To mitigate presettlement risk, minimum credit standards become more stringent as the duration of the
derivative financial instrument increases. To minimize the concentration of credit risk, we enter into derivative
transactions with a portfolio of financial institutions. The Company has master netting agreements with most of
the financial institutions that are counterparties to the derivative instruments. These agreements allow for the
net settlement of assets and liabilities arising from different transactions with the same counterparty. Based on
these factors, we consider the risk of counterparty default to be minimal.
Interest Rate Management
Our Company monitors our mix of fixed-rate and variable-rate debt as well as our mix of term debt versus
non-term debt.
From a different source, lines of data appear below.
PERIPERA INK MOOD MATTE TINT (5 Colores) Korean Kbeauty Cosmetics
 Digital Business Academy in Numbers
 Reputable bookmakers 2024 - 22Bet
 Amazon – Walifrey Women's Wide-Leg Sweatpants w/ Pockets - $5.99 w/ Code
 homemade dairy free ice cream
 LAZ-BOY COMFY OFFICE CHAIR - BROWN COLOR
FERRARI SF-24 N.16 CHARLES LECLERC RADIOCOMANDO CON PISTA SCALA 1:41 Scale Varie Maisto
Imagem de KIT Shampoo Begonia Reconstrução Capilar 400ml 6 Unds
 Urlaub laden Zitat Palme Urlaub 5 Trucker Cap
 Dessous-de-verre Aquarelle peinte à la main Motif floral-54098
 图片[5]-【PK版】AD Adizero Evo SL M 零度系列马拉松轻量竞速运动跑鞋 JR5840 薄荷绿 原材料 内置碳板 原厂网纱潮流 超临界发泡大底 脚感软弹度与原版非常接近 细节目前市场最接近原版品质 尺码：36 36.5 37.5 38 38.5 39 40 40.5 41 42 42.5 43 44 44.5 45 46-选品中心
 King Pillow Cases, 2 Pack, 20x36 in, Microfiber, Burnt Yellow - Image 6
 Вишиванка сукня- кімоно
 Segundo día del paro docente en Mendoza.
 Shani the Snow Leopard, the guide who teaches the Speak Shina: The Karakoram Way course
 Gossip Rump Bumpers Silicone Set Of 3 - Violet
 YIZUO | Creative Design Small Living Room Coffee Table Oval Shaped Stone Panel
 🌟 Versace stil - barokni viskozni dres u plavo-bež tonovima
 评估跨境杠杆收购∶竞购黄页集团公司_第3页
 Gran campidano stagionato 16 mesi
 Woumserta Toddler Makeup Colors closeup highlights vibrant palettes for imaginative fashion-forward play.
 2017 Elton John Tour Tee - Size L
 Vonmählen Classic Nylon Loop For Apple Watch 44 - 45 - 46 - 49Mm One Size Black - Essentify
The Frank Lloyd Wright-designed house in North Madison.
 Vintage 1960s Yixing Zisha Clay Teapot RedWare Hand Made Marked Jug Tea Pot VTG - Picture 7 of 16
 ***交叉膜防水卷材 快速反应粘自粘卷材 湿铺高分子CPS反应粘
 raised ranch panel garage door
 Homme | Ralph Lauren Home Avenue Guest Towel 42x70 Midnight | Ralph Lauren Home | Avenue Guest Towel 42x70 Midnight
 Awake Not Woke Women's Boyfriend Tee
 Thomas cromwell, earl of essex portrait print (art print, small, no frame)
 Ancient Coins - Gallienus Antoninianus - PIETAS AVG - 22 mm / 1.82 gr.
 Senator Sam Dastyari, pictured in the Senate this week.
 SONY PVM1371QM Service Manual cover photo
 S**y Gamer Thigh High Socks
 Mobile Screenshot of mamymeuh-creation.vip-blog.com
This monitoring includes a review of business and other financial risks. We also enter into
interest rate swap agreements to manage our mix of fixed-rate and variable-rate debt. Interest rate swap
agreements that meet certain conditions required under SFAS No. 133 for fair value hedges are accounted for as
such, with the offset recorded to adjust the fair value of the underlying exposure being hedged. The Company
had no outstanding interest rate swaps as of December 31, 2006 and 2005. The Company estimates the fair value
of its interest rate derivatives based on quoted market prices. Any ineffective portion, which was not significant
in 2006, 2005 or 2004, of the changes in the fair value of these instruments was immediately recognized in net
income.
Foreign Currency Management
The purpose of our foreign currency hedging activities is to reduce the risk that our eventual U.S. dollar net
cash inflows resulting from sales outside the United States will be adversely affected by changes in foreign
currency exchange rates.
We enter into forward exchange contracts and purchase foreign currency options (principally euro and
Japanese yen) and collars to hedge certain portions of forecasted cash flows denominated in foreign currencies.
The effective portion of the changes in fair value for these contracts, which have been designated as cash flow
hedges, was reported in AOCI and reclassified into earnings in the same financial statement line item and in the
same period or periods during which the hedged transaction affects earnings. Any ineffective portion, which was
not significant in 2006, 2005 or 2004, of the change in the fair value of these instruments was immediately
recognized in net income.
Additionally, the Company enters into forward exchange contracts that are effective economic hedges and
are not designated as hedging instruments under SFAS No. 133. These instruments are used to offset the
earnings impact relating to the variability in foreign currency exchange rates on certain monetary assets and
liabilities denominated in nonfunctional currencies. Changes in the fair value of these instruments are
immediately recognized in earnings in the line item other income (loss)—net of our consolidated statements of
income to offset the effect of remeasurement of the monetary assets and liabilities.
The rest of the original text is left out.